North Korea

What Is Korean For, “Him over there, that’s John Sweeney”

I will have to watch tonight’s Panorama programme on I-Player, as I will be attending a public meeting on allotments. Already delayed from last Monday because of Margaret Thatcher’s death, it has kicked-up a storm in the way in which John Sweeney and the rest of his production team incorporated themselves into a group of students from the LSE on a non-official trip to the Hermit Kingdom last year.

Both the University and SU have called for the programme’s cancellation, which they accused of having used the students as human shields who had not been given sufficient information to make an informed decision. Panorama, in turn, insists that the students were told on at least three occasions that journalists working on a high-profile report were attending, and that the only people lied to were the goons in Pyongyang.

It is undeniable that they would show no compunction against arresting and torturing Western visitors. Not just unprofitable, unofficial ones such as Aijalon Gomes and Robert Park or Euna Lee and Laura Ling to name but four, but also sources of foreign capital such as tour operator Kenneth Bae who was detained at the same time as the LSE trip and still is incommunicado.

The University has stressed that although this was not an officially-sanctioned trip, the nature of their courses mean than an academic interest is taken in North Korea.
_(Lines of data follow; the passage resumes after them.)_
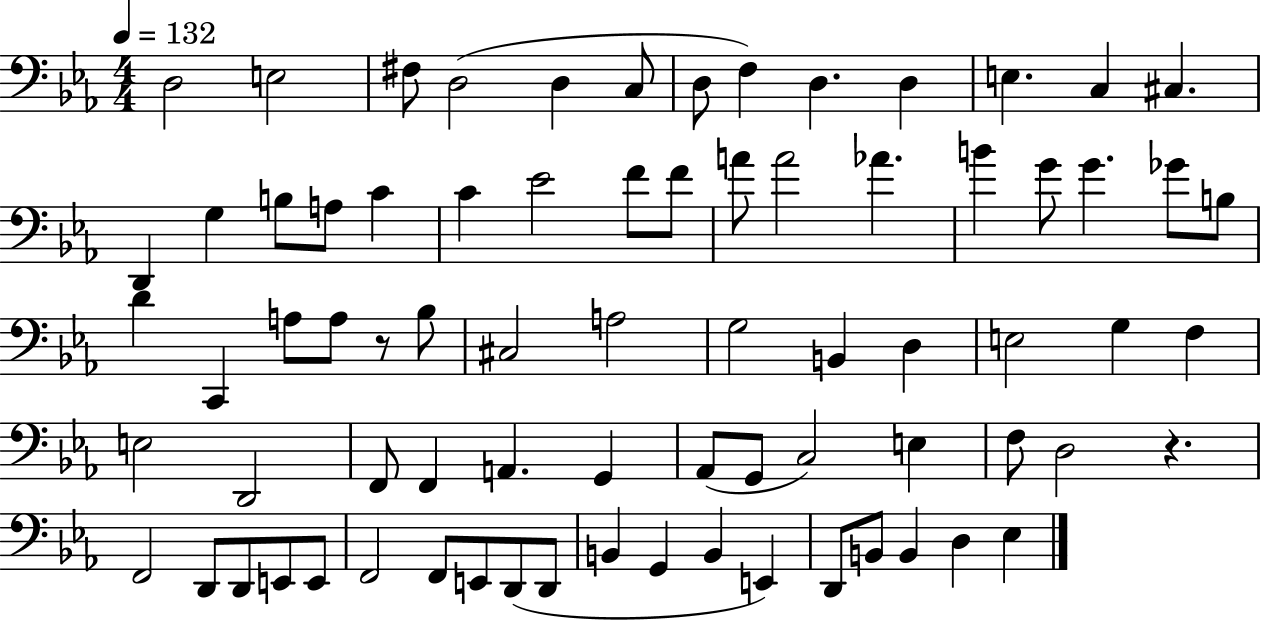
X:1
T:Untitled
M:4/4
L:1/4
K:Eb
D,2 E,2 ^F,/2 D,2 D, C,/2 D,/2 F, D, D, E, C, ^C, D,, G, B,/2 A,/2 C C _E2 F/2 F/2 A/2 A2 _A B G/2 G _G/2 B,/2 D C,, A,/2 A,/2 z/2 _B,/2 ^C,2 A,2 G,2 B,, D, E,2 G, F, E,2 D,,2 F,,/2 F,, A,, G,, _A,,/2 G,,/2 C,2 E, F,/2 D,2 z F,,2 D,,/2 D,,/2 E,,/2 E,,/2 F,,2 F,,/2 E,,/2 D,,/2 D,,/2 B,, G,, B,, E,, D,,/2 B,,/2 B,, D, _E,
Because of that – and presumed knowledge that the best way to avoid State molestation is to take a Hewlett Johnson level of obsequious as shown by Han Sang-ryeol – I am less inclined to believe insistence that the students were unable to comprehend the potential outcome of any sort of journalist being discovered.

I also admit to being as a loss as to why any academic interest of North Korea would require a trip to the country in which it is known all efforts at independent research would be obstructed. Likewise, when considering the wider tourism opportunities to North Korea, I look askance at a mawkish desire to take part in ‘extreme’ tourism as well as the moral absence necessary to contrast Pyongyang with Mogadishu and compare to former to Marbella.